TASK REQUIREMENTS — Write out all entries word for word.

MATERIAL TO PROCESS —
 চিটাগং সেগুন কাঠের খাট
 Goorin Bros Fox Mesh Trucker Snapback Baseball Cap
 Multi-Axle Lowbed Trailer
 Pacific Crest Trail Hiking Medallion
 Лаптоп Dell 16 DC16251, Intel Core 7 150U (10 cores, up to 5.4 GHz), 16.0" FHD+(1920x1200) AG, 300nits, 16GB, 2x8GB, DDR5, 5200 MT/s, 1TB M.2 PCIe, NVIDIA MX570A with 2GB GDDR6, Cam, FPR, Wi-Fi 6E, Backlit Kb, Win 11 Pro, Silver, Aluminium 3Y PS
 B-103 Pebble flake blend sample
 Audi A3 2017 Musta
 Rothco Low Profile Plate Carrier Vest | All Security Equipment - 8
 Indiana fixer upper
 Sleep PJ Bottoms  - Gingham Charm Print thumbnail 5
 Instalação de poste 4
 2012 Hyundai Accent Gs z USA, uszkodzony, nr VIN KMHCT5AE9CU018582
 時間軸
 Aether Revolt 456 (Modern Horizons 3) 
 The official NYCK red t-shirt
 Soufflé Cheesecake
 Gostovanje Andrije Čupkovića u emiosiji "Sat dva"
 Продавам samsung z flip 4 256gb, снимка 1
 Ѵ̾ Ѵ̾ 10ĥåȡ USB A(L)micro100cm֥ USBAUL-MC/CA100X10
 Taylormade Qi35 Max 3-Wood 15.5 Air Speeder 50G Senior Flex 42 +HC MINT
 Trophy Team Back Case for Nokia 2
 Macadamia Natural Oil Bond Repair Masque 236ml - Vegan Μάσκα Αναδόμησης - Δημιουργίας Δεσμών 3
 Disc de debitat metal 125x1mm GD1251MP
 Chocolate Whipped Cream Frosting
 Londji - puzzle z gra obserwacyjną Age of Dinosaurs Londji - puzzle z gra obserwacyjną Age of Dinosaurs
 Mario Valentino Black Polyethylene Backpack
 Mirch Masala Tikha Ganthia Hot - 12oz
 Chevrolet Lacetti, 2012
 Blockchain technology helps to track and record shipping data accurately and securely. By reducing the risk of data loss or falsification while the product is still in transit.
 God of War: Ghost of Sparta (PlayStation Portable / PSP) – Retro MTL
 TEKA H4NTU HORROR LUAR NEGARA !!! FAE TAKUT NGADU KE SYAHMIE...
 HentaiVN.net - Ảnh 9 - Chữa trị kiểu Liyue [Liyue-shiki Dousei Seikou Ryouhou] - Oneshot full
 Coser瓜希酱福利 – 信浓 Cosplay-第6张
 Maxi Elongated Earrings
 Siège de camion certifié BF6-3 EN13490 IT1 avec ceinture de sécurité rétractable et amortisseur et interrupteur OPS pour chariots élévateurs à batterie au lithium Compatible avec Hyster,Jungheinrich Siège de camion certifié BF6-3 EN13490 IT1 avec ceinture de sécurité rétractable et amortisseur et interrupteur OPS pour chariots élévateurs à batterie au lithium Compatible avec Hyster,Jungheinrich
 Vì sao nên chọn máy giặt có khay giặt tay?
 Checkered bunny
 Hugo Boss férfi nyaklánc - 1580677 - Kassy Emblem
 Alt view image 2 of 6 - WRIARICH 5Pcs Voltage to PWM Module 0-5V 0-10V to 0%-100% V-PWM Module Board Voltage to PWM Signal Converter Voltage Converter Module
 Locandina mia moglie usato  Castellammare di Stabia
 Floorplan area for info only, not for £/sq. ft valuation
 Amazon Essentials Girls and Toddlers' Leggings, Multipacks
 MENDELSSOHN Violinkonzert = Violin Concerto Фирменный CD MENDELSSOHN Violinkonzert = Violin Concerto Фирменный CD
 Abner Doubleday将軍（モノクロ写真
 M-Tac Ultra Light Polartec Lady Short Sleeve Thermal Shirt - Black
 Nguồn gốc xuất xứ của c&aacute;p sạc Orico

WRITTEN SOLUTION —
 চিটাগং সেগুন কাঠের খাট
 Goorin Bros Fox Mesh Trucker Snapback Baseball Cap
 Multi-Axle Lowbed Trailer
 Pacific Crest Trail Hiking Medallion
 Лаптоп Dell 16 DC16251, Intel Core 7 150U (10 cores, up to 5.4 GHz), 16.0" FHD+(1920x1200) AG, 300nits, 16GB, 2x8GB, DDR5, 5200 MT/s, 1TB M.2 PCIe, NVIDIA MX570A with 2GB GDDR6, Cam, FPR, Wi-Fi 6E, Backlit Kb, Win 11 Pro, Silver, Aluminium 3Y PS
 B-103 Pebble flake blend sample
 Audi A3 2017 Musta
 Rothco Low Profile Plate Carrier Vest | All Security Equipment - 8
 Indiana fixer upper
 Sleep PJ Bottoms  - Gingham Charm Print thumbnail 5
 Instalação de poste 4
 2012 Hyundai Accent Gs z USA, uszkodzony, nr VIN KMHCT5AE9CU018582
 時間軸
 Aether Revolt 456 (Modern Horizons 3) 
 The official NYCK red t-shirt
 Soufflé Cheesecake
 Gostovanje Andrije Čupkovića u emiosiji "Sat dva"
 Продавам samsung z flip 4 256gb, снимка 1
 Ѵ̾ Ѵ̾ 10ĥåȡ USB A(L)micro100cm֥ USBAUL-MC/CA100X10
 Taylormade Qi35 Max 3-Wood 15.5 Air Speeder 50G Senior Flex 42 +HC MINT
 Trophy Team Back Case for Nokia 2
 Macadamia Natural Oil Bond Repair Masque 236ml - Vegan Μάσκα Αναδόμησης - Δημιουργίας Δεσμών 3
 Disc de debitat metal 125x1mm GD1251MP
 Chocolate Whipped Cream Frosting
 Londji - puzzle z gra obserwacyjną Age of Dinosaurs Londji - puzzle z gra obserwacyjną Age of Dinosaurs
 Mario Valentino Black Polyethylene Backpack
 Mirch Masala Tikha Ganthia Hot - 12oz
 Chevrolet Lacetti, 2012
 Blockchain technology helps to track and record shipping data accurately and securely. By reducing the risk of data loss or falsification while the product is still in transit.
 God of War: Ghost of Sparta (PlayStation Portable / PSP) – Retro MTL
 TEKA H4NTU HORROR LUAR NEGARA !!! FAE TAKUT NGADU KE SYAHMIE...
 HentaiVN.net - Ảnh 9 - Chữa trị kiểu Liyue [Liyue-shiki Dousei Seikou Ryouhou] - Oneshot full
 Coser瓜希酱福利 – 信浓 Cosplay-第6张
 Maxi Elongated Earrings
 Siège de camion certifié BF6-3 EN13490 IT1 avec ceinture de sécurité rétractable et amortisseur et interrupteur OPS pour chariots élévateurs à batterie au lithium Compatible avec Hyster,Jungheinrich Siège de camion certifié BF6-3 EN13490 IT1 avec ceinture de sécurité rétractable et amortisseur et interrupteur OPS pour chariots élévateurs à batterie au lithium Compatible avec Hyster,Jungheinrich
 Vì sao nên chọn máy giặt có khay giặt tay?
 Checkered bunny
 Hugo Boss férfi nyaklánc - 1580677 - Kassy Emblem
 Alt view image 2 of 6 - WRIARICH 5Pcs Voltage to PWM Module 0-5V 0-10V to 0%-100% V-PWM Module Board Voltage to PWM Signal Converter Voltage Converter Module
 Locandina mia moglie usato  Castellammare di Stabia
 Floorplan area for info only, not for £/sq. ft valuation
 Amazon Essentials Girls and Toddlers' Leggings, Multipacks
 MENDELSSOHN Violinkonzert = Violin Concerto Фирменный CD MENDELSSOHN Violinkonzert = Violin Concerto Фирменный CD
 Abner Doubleday将軍（モノクロ写真
 M-Tac Ultra Light Polartec Lady Short Sleeve Thermal Shirt - Black
 Nguồn gốc xuất xứ của c&aacute;p sạc Orico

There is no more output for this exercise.